13 jokes
TV: SCHOOL SHOOTING 13 DIED.
Father: Guns cause all these problems!
Kid playing FNAF security breach *bang* *Bang*
Kid: WOLF PU&EY WOLF PU^$Y WOLF PU*#Y
I have a short TRUE story of how I found out my brother was gay and did "it" with his best friend.
When my brother was 12-13 years old, he fucked his best friend and I saw it. I was like 4-5 years old, UNDERSTANDING what "it" stood for at the time. All I heard was "ahh" and "mmm". The only thing that traumatized me the most was when my brother moaned "daddy". I was so traumatized that I told my mother about it, she rolled her eyes and said, "He's probably playing a game with Evan". BULLSHIT... NO YOU DUMBASS. He was playing the game "SEX", more like "GAY SEX".
I even told my father and he said, "I don't understand what you're trying to say". I told him DIRECTLY that I heard my brother say "daddy" to his damn best friend!

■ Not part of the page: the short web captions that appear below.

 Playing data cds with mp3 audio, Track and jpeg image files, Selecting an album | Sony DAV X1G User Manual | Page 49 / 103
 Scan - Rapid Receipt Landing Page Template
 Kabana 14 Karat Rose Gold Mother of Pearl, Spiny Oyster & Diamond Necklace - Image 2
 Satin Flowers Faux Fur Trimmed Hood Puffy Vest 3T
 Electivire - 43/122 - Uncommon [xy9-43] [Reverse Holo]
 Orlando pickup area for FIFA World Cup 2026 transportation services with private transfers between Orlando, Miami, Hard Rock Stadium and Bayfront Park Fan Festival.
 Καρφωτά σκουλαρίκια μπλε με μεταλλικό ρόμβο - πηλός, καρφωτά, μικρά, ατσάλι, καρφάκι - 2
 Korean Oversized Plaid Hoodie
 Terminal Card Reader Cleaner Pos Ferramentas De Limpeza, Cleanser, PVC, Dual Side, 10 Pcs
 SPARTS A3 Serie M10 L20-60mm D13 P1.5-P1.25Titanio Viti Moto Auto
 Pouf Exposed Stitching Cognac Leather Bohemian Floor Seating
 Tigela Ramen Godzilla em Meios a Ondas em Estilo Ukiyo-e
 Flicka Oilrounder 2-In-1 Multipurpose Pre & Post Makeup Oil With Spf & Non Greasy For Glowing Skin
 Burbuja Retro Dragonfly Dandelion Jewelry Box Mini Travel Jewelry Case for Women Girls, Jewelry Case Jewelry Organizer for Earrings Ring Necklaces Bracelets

I actually got so curious, I opened the door and saw them doing "69". I was blank white after I saw it. I will NEVER forget that he did "it" with his own best friend.. NEVER forget about it.
(just a btw, I still have the image stuck in my head and never forget how YOUNG he was..)
(He ain't no virgin anymore I guess lmfao.)
(MORE STORIES COMING SOON =D)
Whatβs worse than Sally in one trash can?
Sally in 13 trash cans.
Name the emojis, and if you do, then you get 900/900 points for knowing all the emojis! Type in the comment section.
1. π What's this emoji meaning? 2. π What's this emoji meaning? 3. π What's this emoji meaning? 4. π What's this emoji meaning? 5. π What's this emoji meaning? 6. π What's this emoji meaning? 7. π§ What's this emoji meaning? 8. π What's this emoji meaning? 9. π³ What's this emoji meaning? 10. π What's this emoji meaning? 11. π°π¨ What's this emoji meaning? 12. π What's this emoji meaning? 13. π¬ What's this emoji meaning? 14. π€π£ What's this emoji meaning? 15. π¦π₯Ί What's this emoji meaning?
The winner who will win will be getting 900/900 points!
What is the only thing worse than being told you're adopted?
Still being in the orphanage at 13.
Memes
Funny Test Answers #6
A man walks into a bar.
He had to have 13 stitches!
A little girl walks into the bathroom and sees her mom naked taking a shower and asks, "Mommy, mommy, when am I gonna get breasts?" Mom says, "Oh, when you're 12 or 13." The little girl looks down and seeβs her pubes and asks, "Mommy, mommy, when am I gonna get hair down there?" Mom says, "Oh, about the same time you get breasts."
Then the little girl walks in and sees her dad sitting on the bed with a hard on and asks, "Daddy, daddy, when am I gonna get one of those?" Dad says, "Soon as your mom leaves for work."
Girls are like numbers squared. If they're under 13, just do 'em in your head.
So I thought about trying to eat a clock one day.
After about 13 tries, I realized this was very time consuming.
Whatβs the difference between a pimple and a Priest?
You see, a pimple wouldnβt normally come on a kid until heβs 13 years old.
There were 25 cows, 28 chickens. How many didn't?
(Ten, if you count in base 13!)
What's the difference between acne and the Pope?
Acne waits till you're 13 to cum on your face.
Three boys are in the 4th grade; one is black, one is white, and the other is Hispanic. Who has the biggest penis?
The black one... he's 13!
The inmates are yelling 12...12...12... in the courtyard.
A man walking by is interested why the keep chanting 12...12...12... so he sticks his head through the fence and the inmate poked the man in the eye.
Moment later they start chanting 13...13...13...
Q: Why can kids relate to dogs?
A: They are noticed for 13 years, then left for no one to touch again.
Why can't orphans go to movies?
There PG-13 movies.
If the average male walks 1.7 miles a day, then why did my dad take 13 years to get the milk?
What's the difference between Kobe Bryant and Jeffrey Epstein?
Only 2 13-year-olds went down on Kobe's helicopter.
Why do I call my priest daddy?
Because he raped my mom when she was 13. She's 27 now.
My girlfriend's pregnant. I'm 13. She was raped.